▶ **TASK INSTRUCTIONS**:
The listing below contains a span that opens with the line containing "Blackview Shark 8 - image 1" and closes with the line containing "BigBoss - 10th October 2010 Part 1". Return that span exactly.

▶ **ENTRIES SHOWN**:
------------------------

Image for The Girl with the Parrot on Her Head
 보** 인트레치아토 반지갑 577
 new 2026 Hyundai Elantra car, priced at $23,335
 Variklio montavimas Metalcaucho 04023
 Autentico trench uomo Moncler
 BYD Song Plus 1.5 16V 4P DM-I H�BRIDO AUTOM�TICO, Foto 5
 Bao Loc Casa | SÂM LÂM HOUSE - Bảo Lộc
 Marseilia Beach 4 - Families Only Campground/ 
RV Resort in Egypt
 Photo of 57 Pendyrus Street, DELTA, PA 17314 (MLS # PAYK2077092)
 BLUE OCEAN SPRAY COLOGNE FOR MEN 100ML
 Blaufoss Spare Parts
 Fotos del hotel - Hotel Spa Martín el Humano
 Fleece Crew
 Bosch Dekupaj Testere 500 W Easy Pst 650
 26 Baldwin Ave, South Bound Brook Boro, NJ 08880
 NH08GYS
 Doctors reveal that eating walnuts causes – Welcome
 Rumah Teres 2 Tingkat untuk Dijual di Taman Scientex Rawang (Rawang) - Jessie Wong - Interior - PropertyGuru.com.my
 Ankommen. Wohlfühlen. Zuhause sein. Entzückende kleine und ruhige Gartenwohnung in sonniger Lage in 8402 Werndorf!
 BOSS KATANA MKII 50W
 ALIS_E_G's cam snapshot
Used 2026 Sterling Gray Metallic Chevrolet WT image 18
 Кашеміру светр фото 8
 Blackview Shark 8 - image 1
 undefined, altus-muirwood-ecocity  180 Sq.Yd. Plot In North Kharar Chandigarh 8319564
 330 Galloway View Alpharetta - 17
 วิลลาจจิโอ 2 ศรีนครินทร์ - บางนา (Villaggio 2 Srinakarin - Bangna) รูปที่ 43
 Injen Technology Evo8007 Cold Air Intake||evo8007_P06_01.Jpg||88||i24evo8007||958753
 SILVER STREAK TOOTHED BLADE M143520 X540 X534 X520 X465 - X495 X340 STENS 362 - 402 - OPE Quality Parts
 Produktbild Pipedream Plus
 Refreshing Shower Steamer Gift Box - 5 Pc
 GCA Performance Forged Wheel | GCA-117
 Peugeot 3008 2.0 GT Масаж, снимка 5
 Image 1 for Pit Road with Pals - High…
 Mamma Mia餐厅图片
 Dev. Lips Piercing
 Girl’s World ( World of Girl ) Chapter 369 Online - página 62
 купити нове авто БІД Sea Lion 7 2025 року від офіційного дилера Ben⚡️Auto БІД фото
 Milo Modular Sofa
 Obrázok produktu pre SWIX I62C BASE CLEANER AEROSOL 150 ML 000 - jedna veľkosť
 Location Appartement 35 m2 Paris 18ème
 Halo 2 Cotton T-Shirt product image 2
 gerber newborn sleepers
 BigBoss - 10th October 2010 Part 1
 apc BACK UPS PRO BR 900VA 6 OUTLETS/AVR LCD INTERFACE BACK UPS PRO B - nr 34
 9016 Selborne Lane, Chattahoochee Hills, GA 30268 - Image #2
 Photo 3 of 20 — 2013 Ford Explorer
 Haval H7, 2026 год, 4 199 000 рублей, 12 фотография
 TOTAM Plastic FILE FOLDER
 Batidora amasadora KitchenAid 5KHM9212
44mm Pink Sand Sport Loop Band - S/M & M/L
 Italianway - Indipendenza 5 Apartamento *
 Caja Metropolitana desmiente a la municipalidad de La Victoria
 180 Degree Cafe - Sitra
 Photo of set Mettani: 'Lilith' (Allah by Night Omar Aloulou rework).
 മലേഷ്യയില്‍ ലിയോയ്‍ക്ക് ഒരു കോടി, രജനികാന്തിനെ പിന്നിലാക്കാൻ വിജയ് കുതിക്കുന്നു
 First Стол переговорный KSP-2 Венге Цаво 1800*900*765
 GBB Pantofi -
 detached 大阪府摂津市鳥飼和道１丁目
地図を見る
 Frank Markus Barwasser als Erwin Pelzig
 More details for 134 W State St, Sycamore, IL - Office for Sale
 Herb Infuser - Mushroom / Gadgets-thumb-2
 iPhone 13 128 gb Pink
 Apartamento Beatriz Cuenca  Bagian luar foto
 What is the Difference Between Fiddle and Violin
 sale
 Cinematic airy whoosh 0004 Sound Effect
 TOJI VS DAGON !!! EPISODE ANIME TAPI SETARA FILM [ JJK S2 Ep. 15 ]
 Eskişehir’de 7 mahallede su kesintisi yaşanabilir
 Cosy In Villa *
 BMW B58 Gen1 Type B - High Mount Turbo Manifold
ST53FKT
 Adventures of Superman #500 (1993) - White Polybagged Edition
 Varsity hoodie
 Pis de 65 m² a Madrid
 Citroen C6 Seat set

------------------------

▶ **RESULT**:
 Blackview Shark 8 - image 1
 undefined, altus-muirwood-ecocity  180 Sq.Yd. Plot In North Kharar Chandigarh 8319564
 330 Galloway View Alpharetta - 17
 วิลลาจจิโอ 2 ศรีนครินทร์ - บางนา (Villaggio 2 Srinakarin - Bangna) รูปที่ 43
 Injen Technology Evo8007 Cold Air Intake||evo8007_P06_01.Jpg||88||i24evo8007||958753
 SILVER STREAK TOOTHED BLADE M143520 X540 X534 X520 X465 - X495 X340 STENS 362 - 402 - OPE Quality Parts
 Produktbild Pipedream Plus
 Refreshing Shower Steamer Gift Box - 5 Pc
 GCA Performance Forged Wheel | GCA-117
 Peugeot 3008 2.0 GT Масаж, снимка 5
 Image 1 for Pit Road with Pals - High…
 Mamma Mia餐厅图片
 Dev. Lips Piercing
 Girl’s World ( World of Girl ) Chapter 369 Online - página 62
 купити нове авто БІД Sea Lion 7 2025 року від офіційного дилера Ben⚡️Auto БІД фото
 Milo Modular Sofa
 Obrázok produktu pre SWIX I62C BASE CLEANER AEROSOL 150 ML 000 - jedna veľkosť
 Location Appartement 35 m2 Paris 18ème
 Halo 2 Cotton T-Shirt product image 2
 gerber newborn sleepers
 BigBoss - 10th October 2010 Part 1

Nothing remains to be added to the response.